#### [Work to complete]
Go through the records below from the first line and print each one exactly, stopping after the line that contains "Serviette En Papier". Do not print pictures or anything past that line.

(Records from a collection)
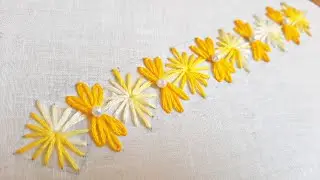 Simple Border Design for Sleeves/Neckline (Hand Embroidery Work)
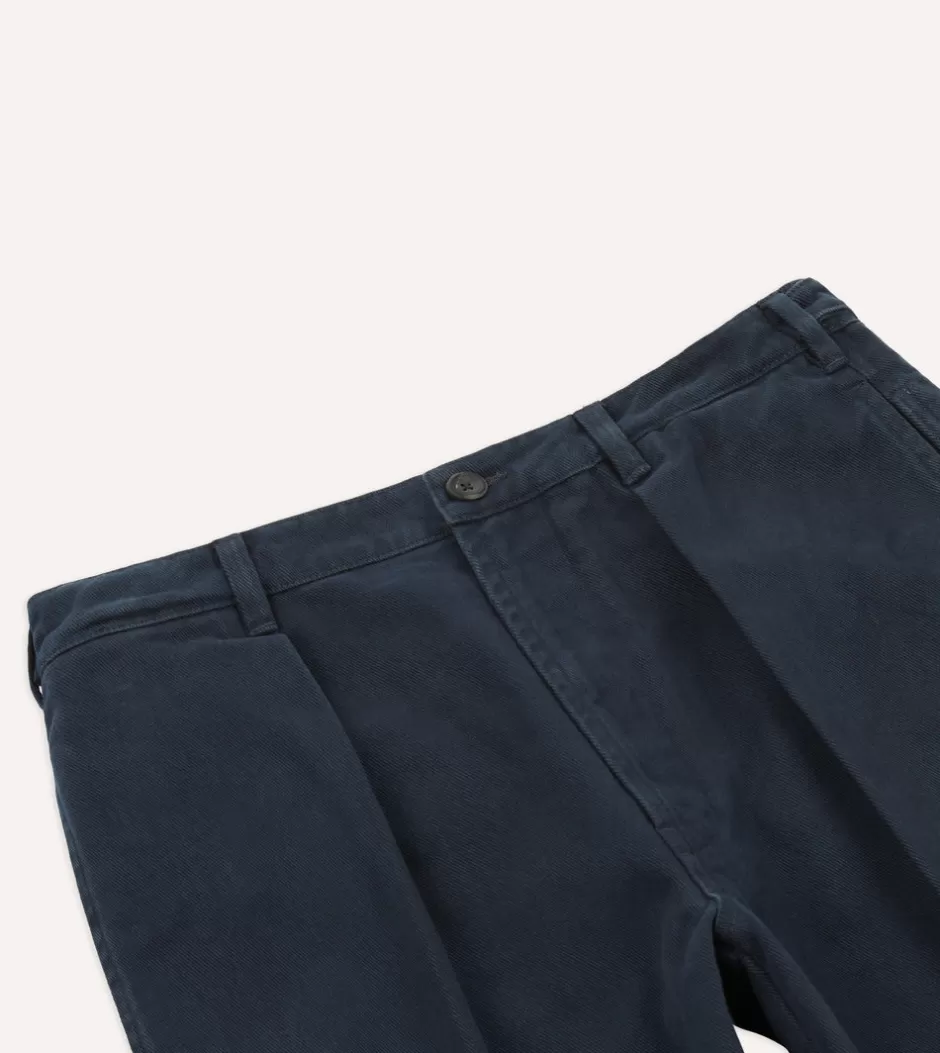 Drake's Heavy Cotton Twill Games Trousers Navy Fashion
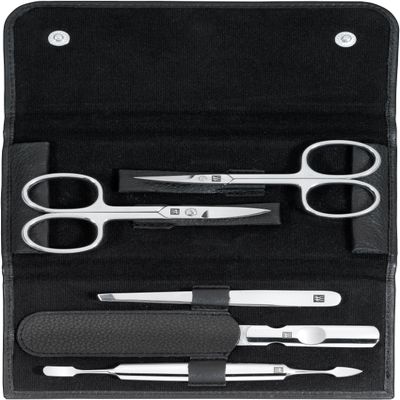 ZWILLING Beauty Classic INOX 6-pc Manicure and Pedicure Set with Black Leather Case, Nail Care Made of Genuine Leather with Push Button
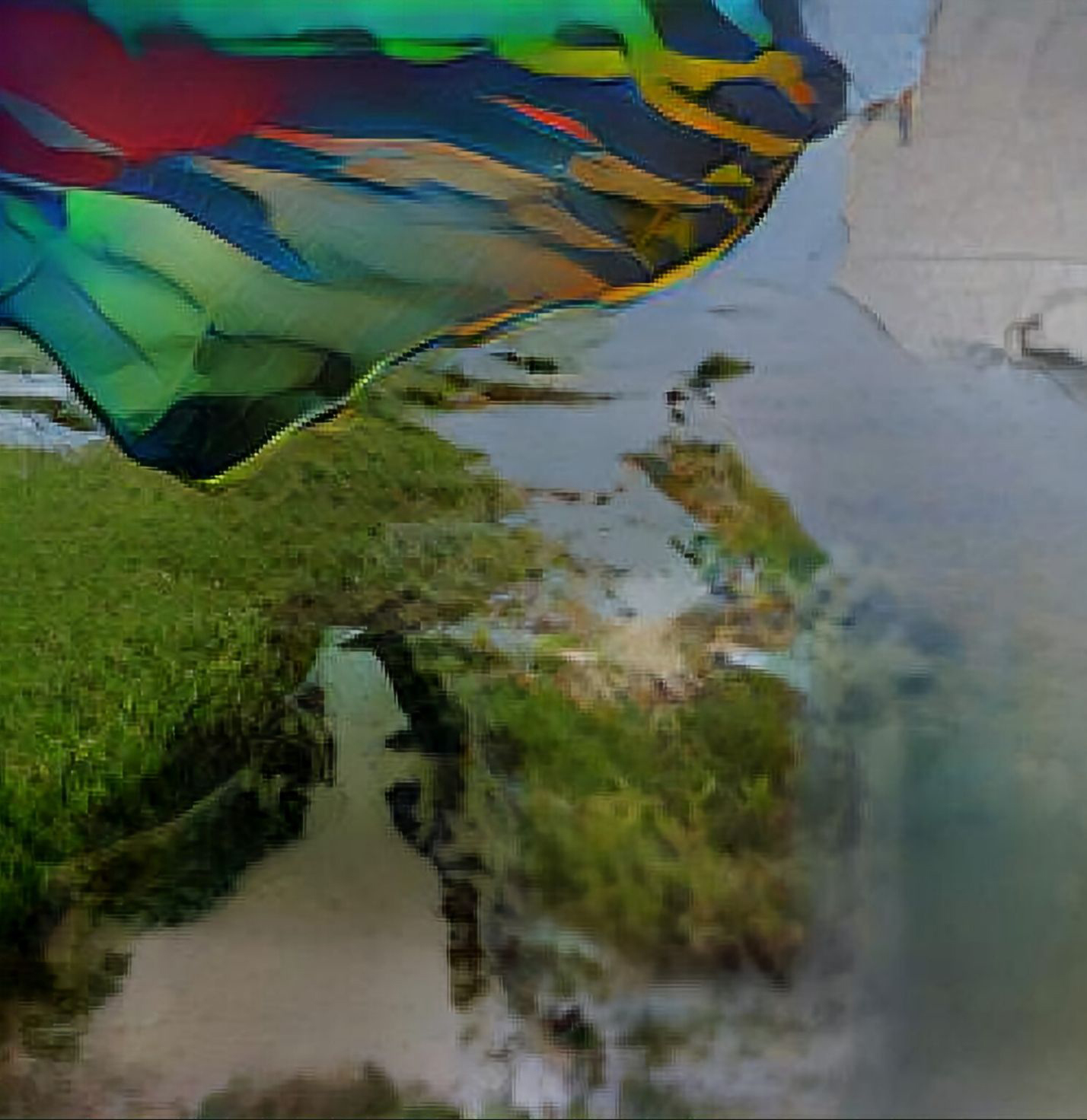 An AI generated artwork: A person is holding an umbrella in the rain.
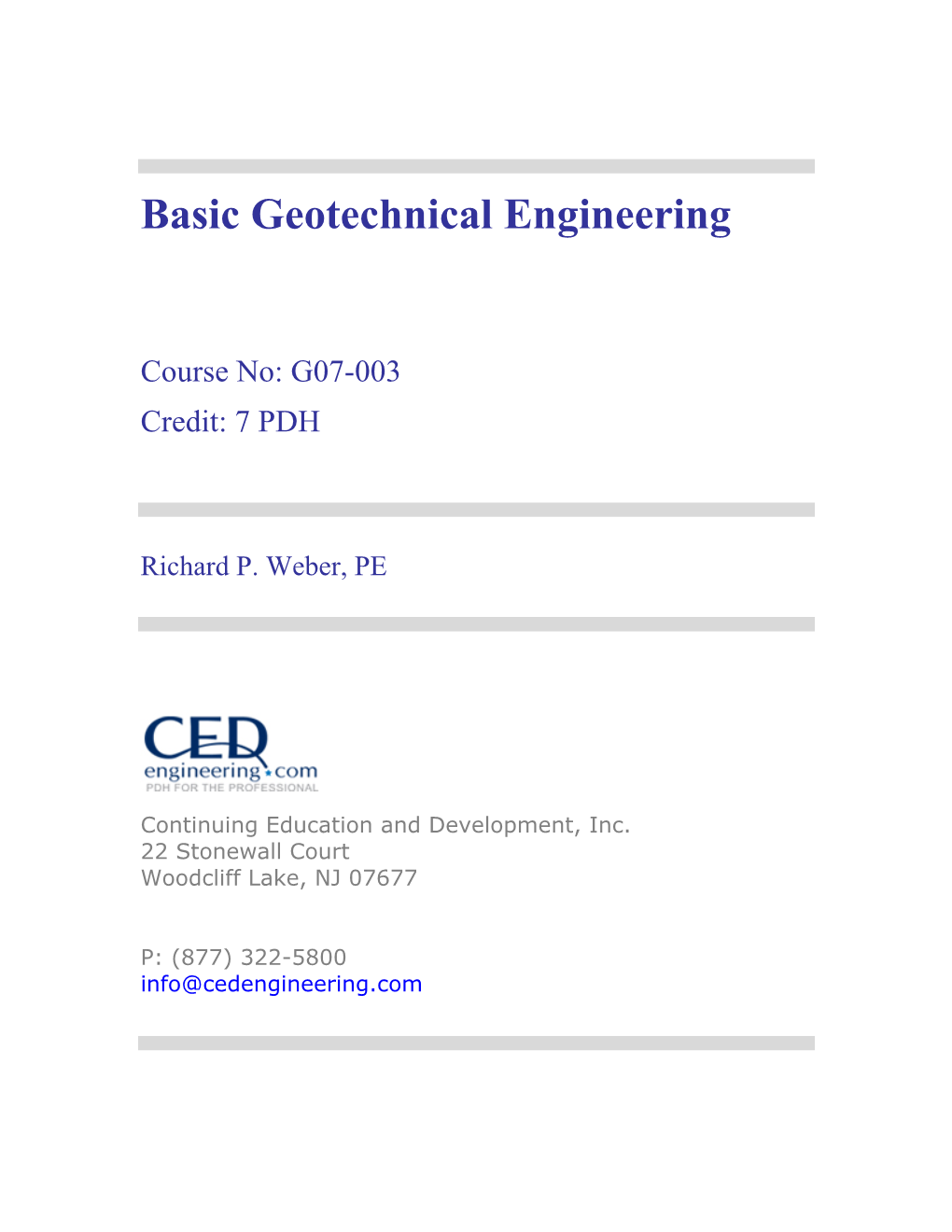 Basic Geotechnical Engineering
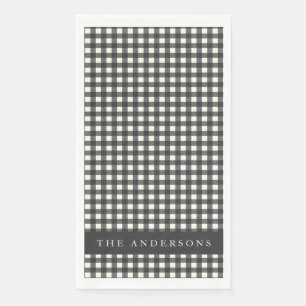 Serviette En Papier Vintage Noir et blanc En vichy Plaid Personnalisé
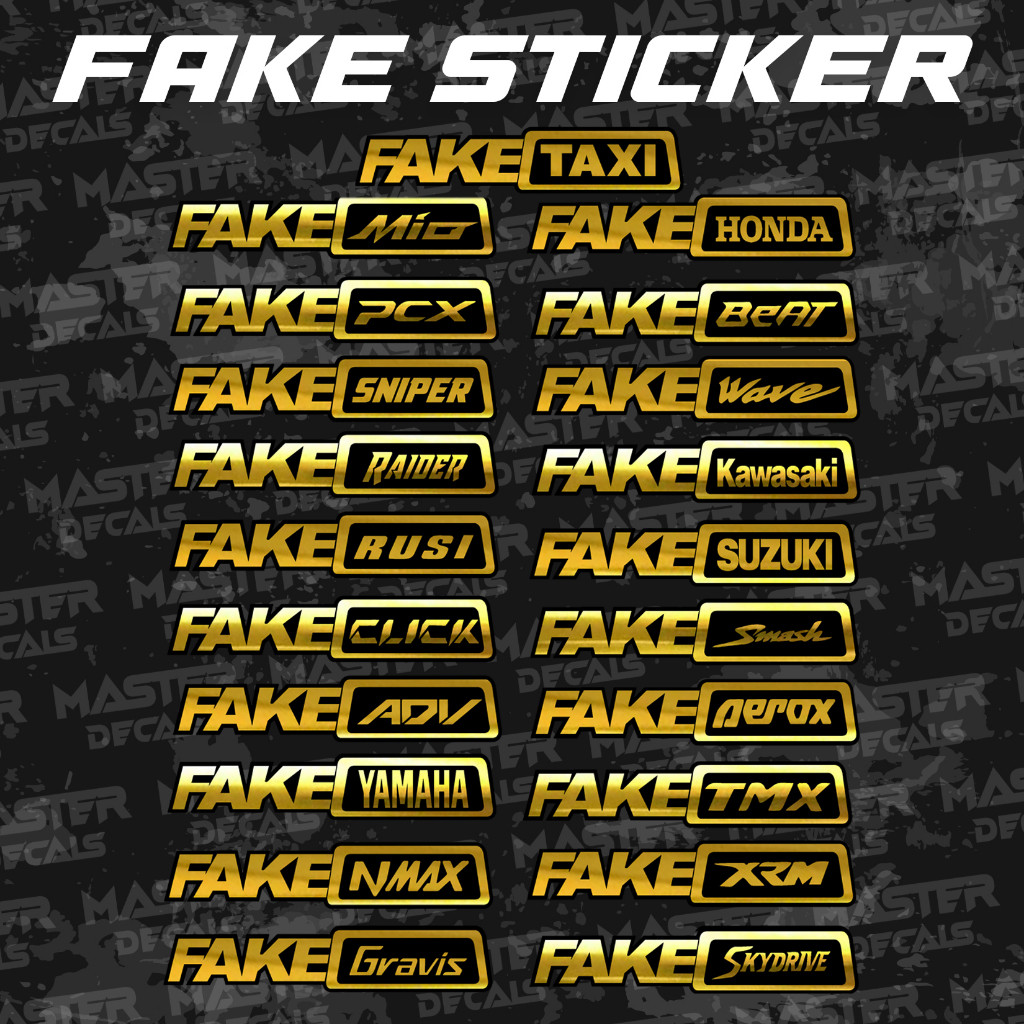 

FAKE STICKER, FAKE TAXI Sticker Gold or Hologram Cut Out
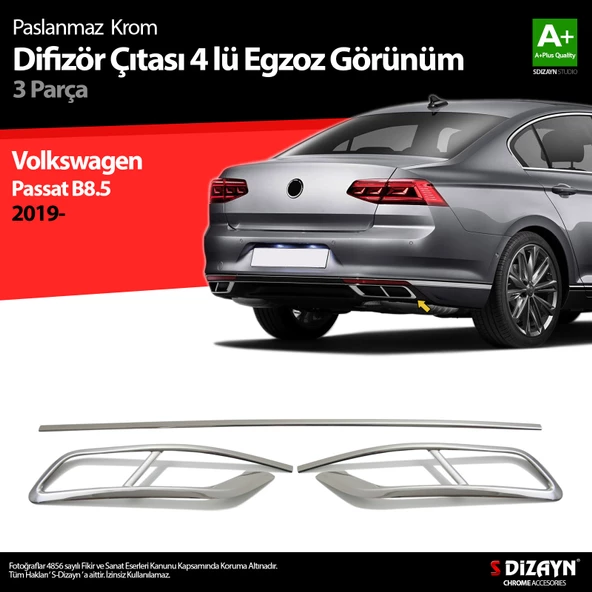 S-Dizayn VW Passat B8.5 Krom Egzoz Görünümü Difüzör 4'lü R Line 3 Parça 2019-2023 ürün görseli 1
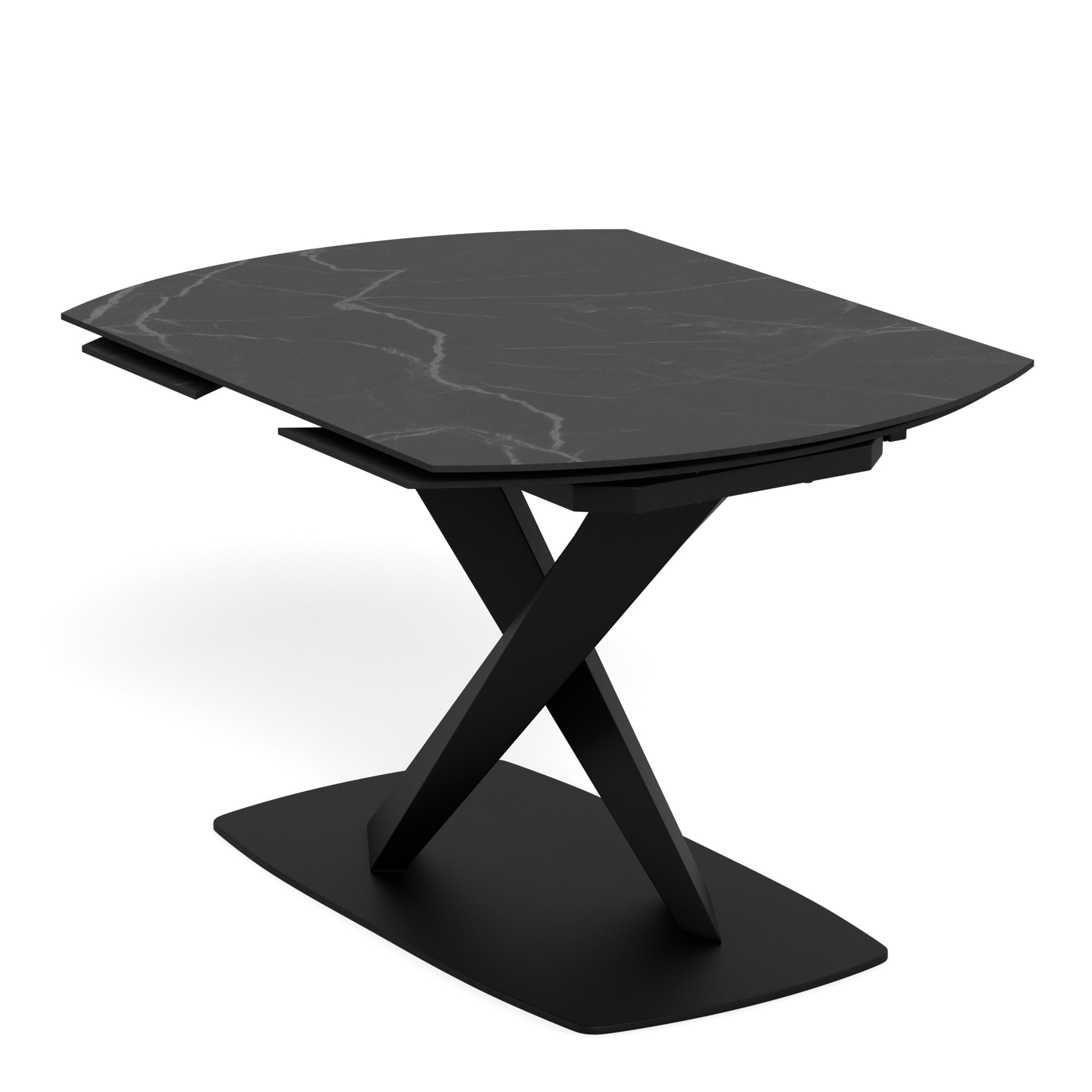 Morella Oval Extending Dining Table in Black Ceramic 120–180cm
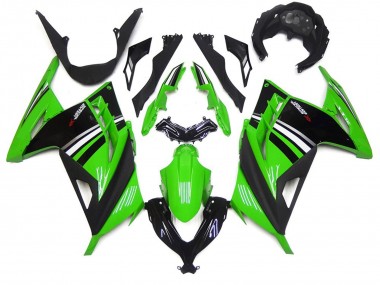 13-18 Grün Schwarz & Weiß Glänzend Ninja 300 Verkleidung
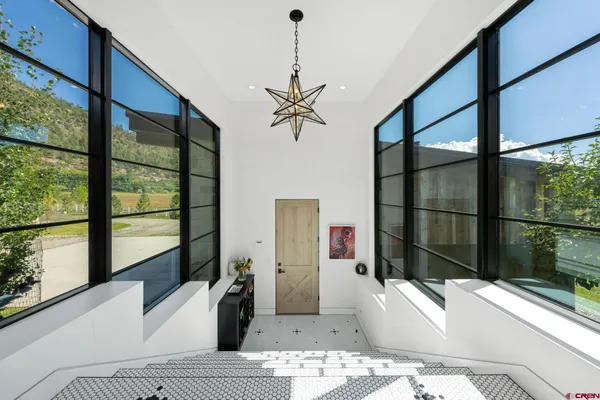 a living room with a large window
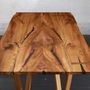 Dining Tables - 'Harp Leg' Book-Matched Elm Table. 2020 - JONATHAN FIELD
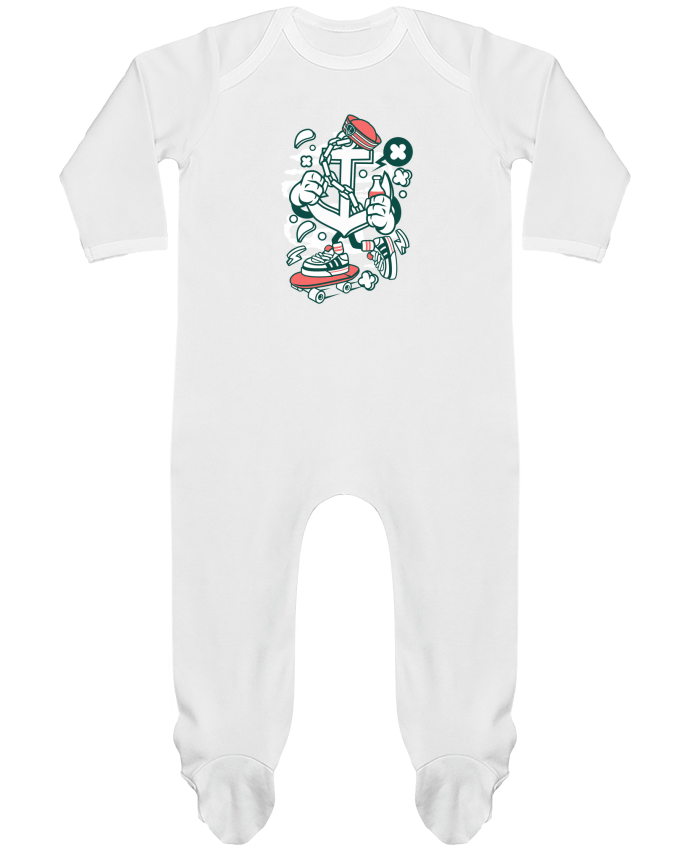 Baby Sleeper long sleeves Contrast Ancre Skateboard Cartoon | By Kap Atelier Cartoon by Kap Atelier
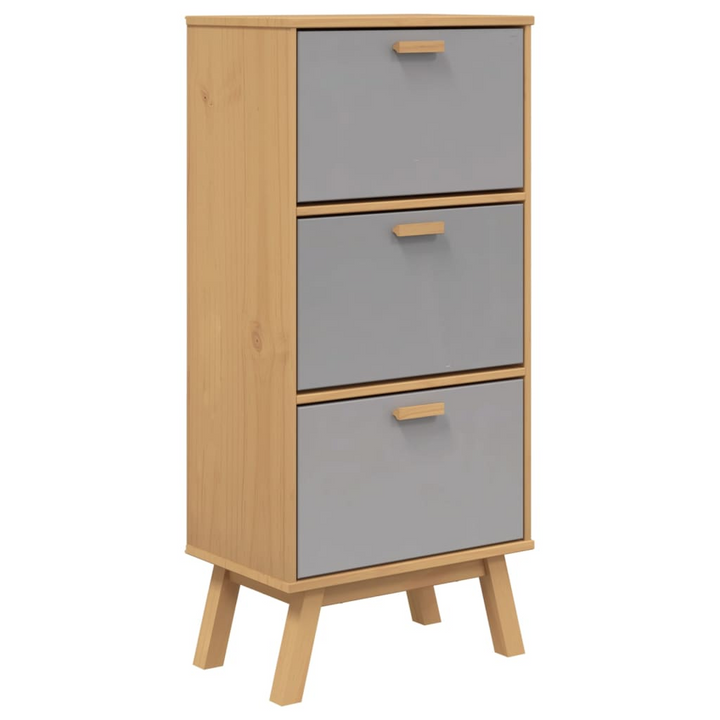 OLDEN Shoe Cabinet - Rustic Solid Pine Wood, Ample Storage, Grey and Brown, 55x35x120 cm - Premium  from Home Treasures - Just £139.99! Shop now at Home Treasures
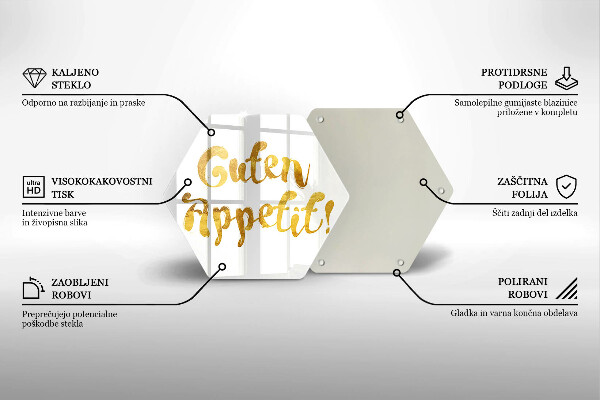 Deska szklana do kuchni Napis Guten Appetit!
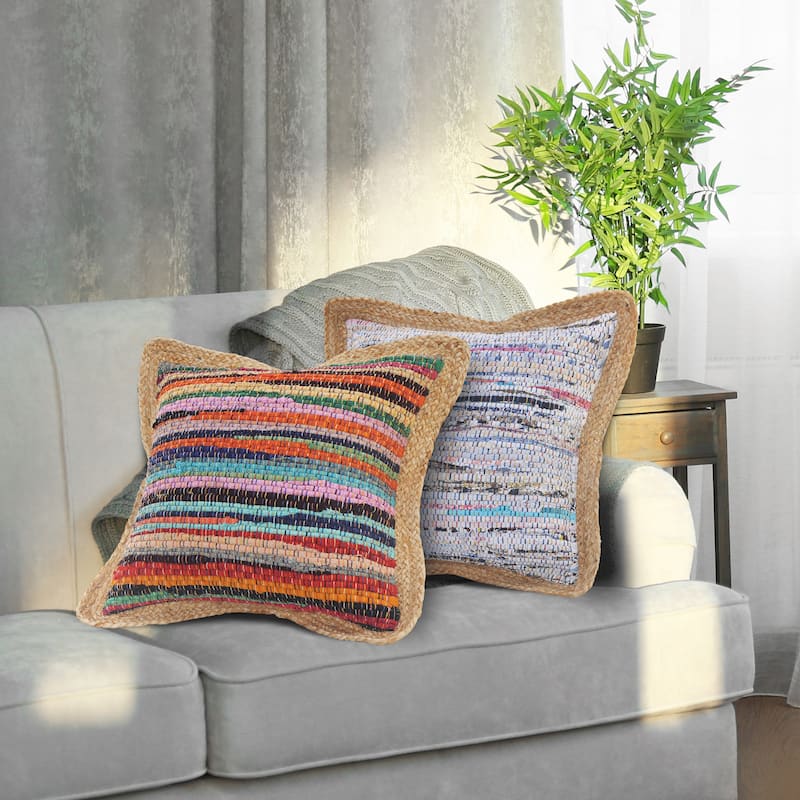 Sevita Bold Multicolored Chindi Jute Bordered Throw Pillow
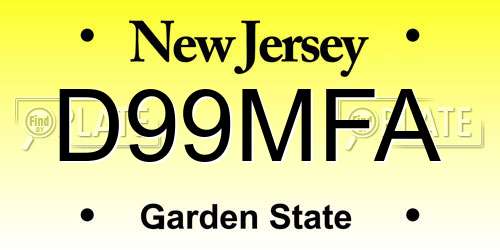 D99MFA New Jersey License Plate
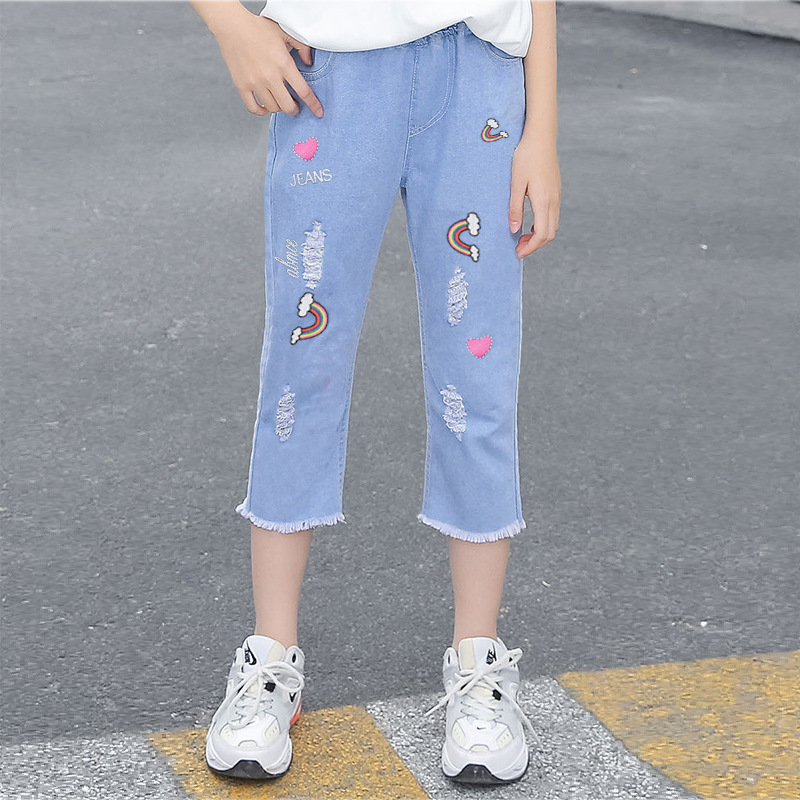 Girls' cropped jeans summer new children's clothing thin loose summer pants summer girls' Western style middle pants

#### [Solution to this problem]
 Simple Border Design for Sleeves/Neckline (Hand Embroidery Work)
 Drake's Heavy Cotton Twill Games Trousers Navy Fashion
 ZWILLING Beauty Classic INOX 6-pc Manicure and Pedicure Set with Black Leather Case, Nail Care Made of Genuine Leather with Push Button
 An AI generated artwork: A person is holding an umbrella in the rain.
 Basic Geotechnical Engineering
 Serviette En Papier Vintage Noir et blanc En vichy Plaid Personnalisé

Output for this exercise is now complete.